Vier Glaskästen stehen in der Therese-Giehse-Halle, dem Neuen Haus der Kammerspiele. In jedem von ihnen ein Spieler, eine Spielerin. Vereinzelte, mit sich und auch in sich Gefangene. Eine Kamera umkreist sie, bleibt irgendwann bei Svetlana Belesova stehen. „Das ganze Haus ist totenstill“, sagt sie. „Und leer. Und dunkel.“ Ein Traum vom abwesenden Vater in Venedig. Ein kleines Mädchen, das durch das Tor sieht. Ein toter Bruder. Lothar Kittstein verdichtet die Familientragödien, von denen es in dieser Sippe reichlich gibt, zu einem assoziativen Konzentrat, einem klaustrophobischen Leben. „Dein Bruder ist gestorben. Und du fährst nicht hin. Weil Vater es verboten hat?“, fährt Belesova als Erika fort. Und: „This is the wizard’s house. Hier muss man leise sein, besonders um die Mittagszeit.“ Die Disziplin, die Thomas Mann sich – und seiner Familie – abverlangte, ist hinlänglich bekannt. Hier sieht man die Folgen, die kaputte Familie, eine Ansammlung von Gespenstern.

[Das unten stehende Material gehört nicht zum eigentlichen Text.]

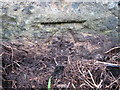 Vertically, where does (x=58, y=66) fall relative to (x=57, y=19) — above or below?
below

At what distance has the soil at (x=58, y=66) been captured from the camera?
1431mm

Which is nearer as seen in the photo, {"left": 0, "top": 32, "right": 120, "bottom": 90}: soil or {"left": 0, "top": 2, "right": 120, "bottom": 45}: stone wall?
{"left": 0, "top": 32, "right": 120, "bottom": 90}: soil

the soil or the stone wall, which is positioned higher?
the stone wall

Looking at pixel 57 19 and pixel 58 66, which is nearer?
pixel 58 66

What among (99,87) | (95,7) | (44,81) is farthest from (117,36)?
(44,81)

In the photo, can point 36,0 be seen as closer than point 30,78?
No

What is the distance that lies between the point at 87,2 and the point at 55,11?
0.91 feet

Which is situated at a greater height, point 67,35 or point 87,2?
point 87,2

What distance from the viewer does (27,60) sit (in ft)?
5.50

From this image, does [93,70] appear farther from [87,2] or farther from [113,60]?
[87,2]

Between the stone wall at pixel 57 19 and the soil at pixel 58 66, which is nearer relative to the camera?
the soil at pixel 58 66

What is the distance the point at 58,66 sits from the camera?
157 centimetres

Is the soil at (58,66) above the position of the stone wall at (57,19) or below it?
below

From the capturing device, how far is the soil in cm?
143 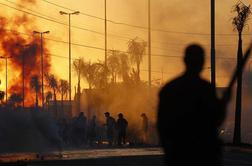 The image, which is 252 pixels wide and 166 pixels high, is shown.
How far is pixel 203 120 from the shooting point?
7004 millimetres

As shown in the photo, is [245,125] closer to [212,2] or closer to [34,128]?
[34,128]

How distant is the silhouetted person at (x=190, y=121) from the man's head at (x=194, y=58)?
15cm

Erklärt wird kaum etwas, assoziativ springt Kittstein durch das Leben von Erika Mann, das dominiert wird vom Vater, dem „Zauberer“, der gar nicht so gut wegkommt. Viel scheint durch, Missbrauch, Dominanz, Enge, Abhängigkeit. Ein komplexes Konstrukt aus Vorlagen und Vorwissen. Wer sich nicht auskennt mit der Familie Mann, könnte allerdings verloren gehen in diesem Insiderspiel, das zudem mit Möglichkeiten spielt, nicht nur mit Realitäten. Vieles vermischt sich: Fiktion und Biographie, Roman und Erinnerung, Traum und Wirklichkeit, der Junge und Aschenbach in Venedig, die Tochter und der Vater, die Geschwister. Alles wird auf gewisse Weise eins. Jochen Noch wird zu Aschenbach, der Hauptfigur aus Manns „Tod in Venedig“, und bleibt doch auch dessen Autor: „Da geriet mir mit dem Leben wohl die Rolle durcheinander. Was, wie du mir zugibst, weit entfernt von Mangelhaftigkeit, im Gegenteil für mein Talent, mich ganz in etwas zu versenken, Signum ist.“
Raum und Zeit verschwimmen, Erzählung und Form fließen an diesem Abend ineinander. Und da die Form so ausgeklügelt ist, rückt die Erzählung ein wenig in den Hintergrund. Bernardo Arias Porras, Katharina Bach, Svetlana Belesova und Jochen Noch spielen die dichten Szenen in wechselnden Konstellationen. Immer zwei zusammen, parallel zu den anderen beiden. Das Publikum folgt, je nach gewählter Seite, erst dem einen Handlungsstrang am Zürichsee, dann dem zweiten in Venedig. Dann wechselt die Perspektive, die Szenen wiederholen sich. Im Hintergrund sieht man das eben Gesehene und Gehörte noch einmal wie einen entfernten Stummfilm. Was hier entsteht, ist ein ausgetüfteltes Spiel mit verschiedenen Ebenen, von denen immer eine herangezoomt wird. Jeder Satz, jede Begegnung ist präzise getimt: Man hört nur, was man hören soll, die Szenen enden zeitgleich, um nahtlos ineinander überzugehen. Einzeln treten die Figuren aus ihren Glaskästen, eine wirkliche Begegnung oder Nähe kommt nicht zustande, was natürlich an den strengen Corona-Vorgaben liegt, in diesem Kontext aber durchaus realistisch ist. Diese Familie war keine zum Kuscheln.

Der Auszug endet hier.